Assume that we are working on a platform where the type long double
has a strictly greater precision than 64 bits. What is the fastest way to convert a given long double
to an ordinary double-precision number with some prescribed rounding (upward, downward, round-to-nearest, etc.)?
To make the question more precise, let me give a concrete example: Let N
be a given long double
, and M
be the double
whose value minimizes the (real) value M - N
such that M
> N
. This M
would be the upward rounded conversion I want to find.
Can I get away with setting the rounding mode of the FP environment appropriately and performing a simple cast (e.g. (double) N
)?
Clarification: You can assume that the platform supports the IEEE Standard for Floating-Point Arithmetic (IEEE 754).

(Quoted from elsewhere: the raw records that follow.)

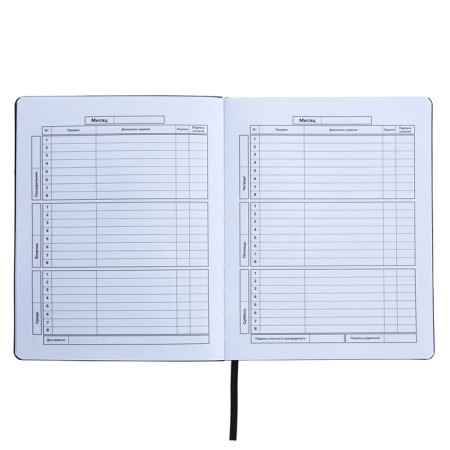 Universal Diary Grade 1-11, 48 sheets "graffitist", covering of artificial leather, liesa, offset block-6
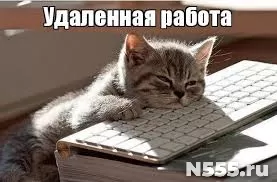 Работа без опыта - На дому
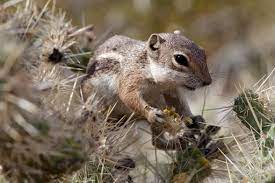 Harris Antelope Ground Squirrel Ammospermophilus Harrisii On A Silver Cholla 4702x3133 Oc Squirrel Desert Animals Prarie Dog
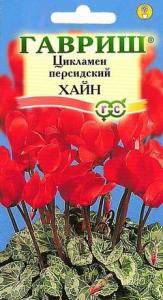 Хайн персидский цикламен 3шт (г)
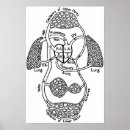 Suche nach kardiovaskulär poster Herz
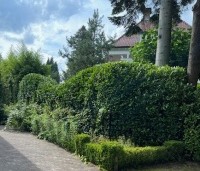 Prunus laurocerasus 'Rotundifolia'  - Laurierkers 'Rotundifolia'  - golvende haag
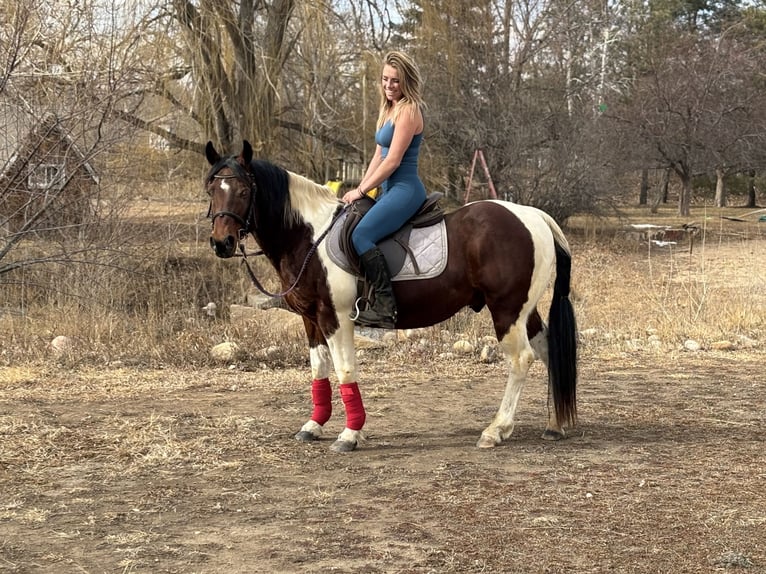 American Paint Horse Wallach 11 Jahre 142 cm Tobiano-alle-Farben in Fort Collins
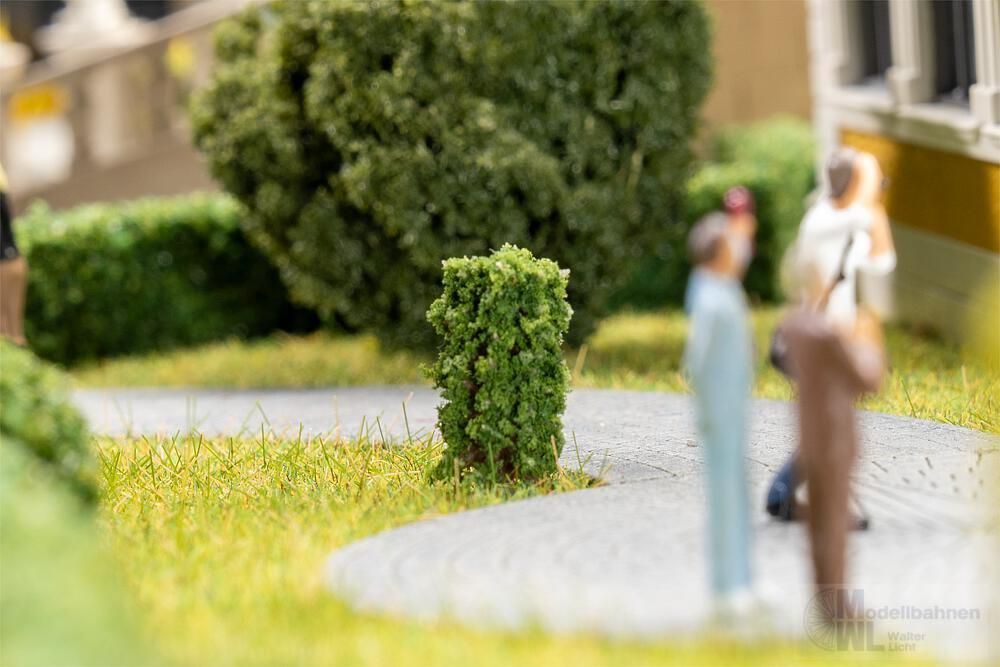 Faller 181592 - 10 Vorgartenbäume, Thuja, säu H0 1:87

Can I get away with setting the rounding mode of the FP environment appropriately and performing a simple cast (e.g. (double) N)?
Yes, as long as the compiler implements the IEEE 754 (most of them do at least roughly). Conversion from one floating-point format to the other is one of the operations to which, according to IEEE 754, the rounding mode should apply. In order to convert from long double
to double
up, set the rounding mode to upwards and do the conversion.
In C99, which should be accepted by C++ compilers (I'm not sure a syntax is specified for C++):
#include <fenv.h>
#pragma STDC FENV_ACCESS ON
…
fesetround(FE_UPWARD);
double d = (double) ld;
PS: you may discover that your compiler does not implement #pragma STDC FENV_ACCESS ON
properly. Welcome to the club.